SEC. 3. APPLICATION OF THE ANTITRUST LAWS TO HEALTH CARE
PROFESSIONALS NEGOTIATING WITH HEALTH PLANS.
(a) IN GENERAL- Any health care professionals who are engaged in negotiations
with a
health plan regarding the terms of any contract under which the professionals
provide health
care items or services for which benefits are provided under such plan
shall, in connection
with such negotiations, be entitled to the same treatment under the
antitrust laws as the
treatment to which bargaining units which are recognized under the
National Labor Relations
Act are entitled in connection with such collective bargaining. Such
a professional shall, only
in connection with such negotiations, be treated as an employee engaged
in concerted
activities and shall not be regarded as having the status of an employer,
independent
contractor, managerial employee, or supervisor.
(b) PROTECTION FOR GOOD FAITH ACTIONS- Actions taken in good faith reliance
on subsection (a) shall not be the subject under the antitrust laws
of criminal sanctions nor of
any civil damages, fees, or penalties beyond actual damages incurred.
(c) LIMITATION- The exemption provided in subsection (a) shall not confer
any right to
participate in any collective cessation of service to patients not
otherwise permitted by law.
(d) DEFINITIONS- For purposes of this section:
(1) ANTITRUST LAWS- The term `antitrust laws'--
(A) has the meaning given it in subsection (a) of the first section
of the Clayton
Act (15 U.S.C. 12(a)), except that such term includes section 5 of
the Federal
Trade Commission Act (15 U.S.C. 45) to the extent such section 5 applies
to
unfair methods of competition, and
(B) includes any State law similar to the laws referred to in subparagraph (A).

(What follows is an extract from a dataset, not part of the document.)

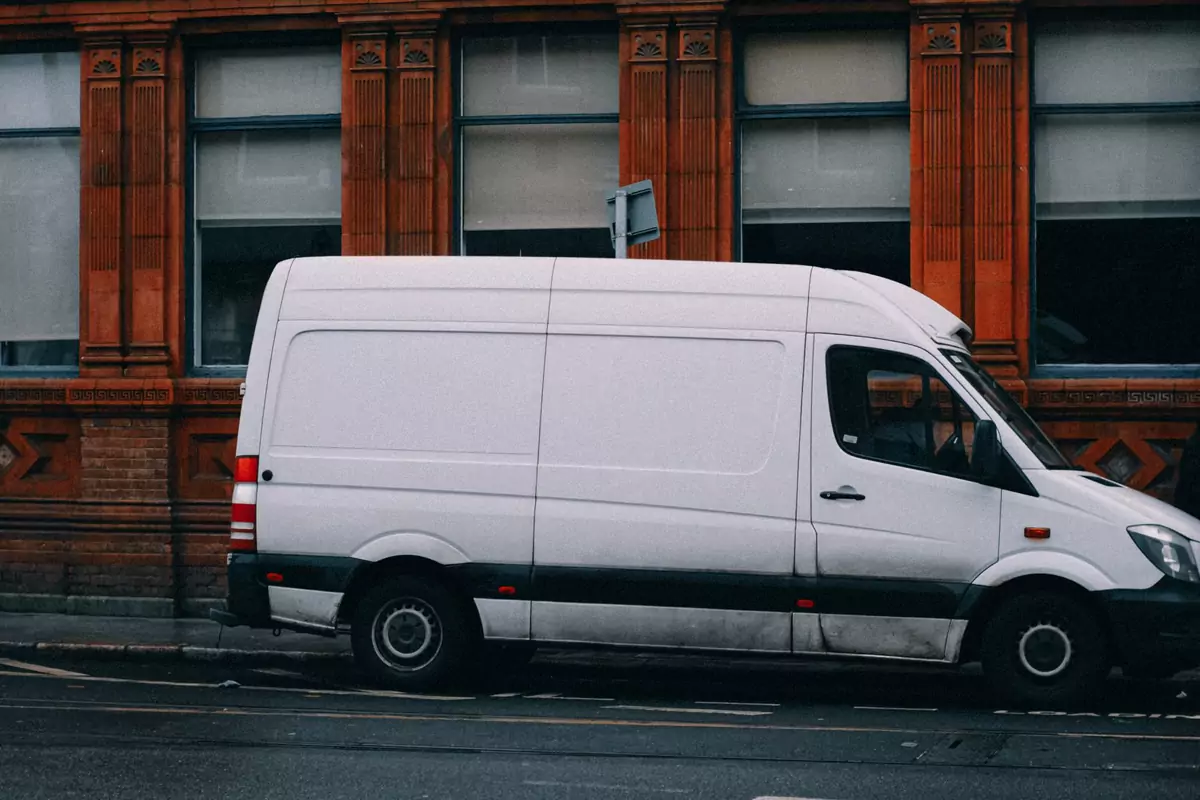 Weißer Transporter steht am Fahrbahnrand einer europäischen Straße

(2) HEALTH PLAN AND RELATED TERMS-
(A) IN GENERAL- The term `health plan' means a group health plan, a
health
insurance issuer that is offering health insurance coverage, a Medicare+Choice
organization that is offering a Medicare+Choice plan, or a Medicaid
managed
care entity offering benefits under title XIX of the Social Security
Act.
(B) HEALTH INSURANCE COVERAGE; HEALTH INSURANCE
ISSUER- The terms `health insurance coverage' and `health insurance
issuer'
have the meanings given such terms under paragraphs (1) and (2), respectively,
of section 733(b) of the Employee Retirement Income Security Act of
1974
(29 U.S.C. 1191b(b)).
(C) GROUP HEALTH PLAN- The term `group health plan' has the meaning
given that term in section 733(a)(1) of the Employee Retirement Income
Security Act of 1974 (29 U.S.C. 1191b(a)(1)).
(D) MEDICARE+CHOICE ORGANIZATION; MEDICARE+CHOICE
PLAN- The terms `Medicare+Choice organization' and `Medicare+Choice
plan' have the meanings given such terms in subsections (a)(1) and
(b)(1) of
section 1859 of the Social Security Act (42 U.S.C. 1395w-28).
(E) MEDICAID MANAGED CARE ENTITY- The term `Medicaid managed
care entity' has the meaning given the term `managed care entity' under
section
1932(a)(1)(B) of the Social Security Act (42 U.S.C. 1396u-2(a)(1)(B)).
(3) HEALTH CARE PROFESSIONAL- The term `health care professional' means
an individual who provides health care items or services, treatment,
assistance with
activities of daily living, or medications to patients and who, to
the extent required by
State or Federal law, possesses specialized training that confers expertise
in the
provision of such items or services, treatment, assistance, or medications.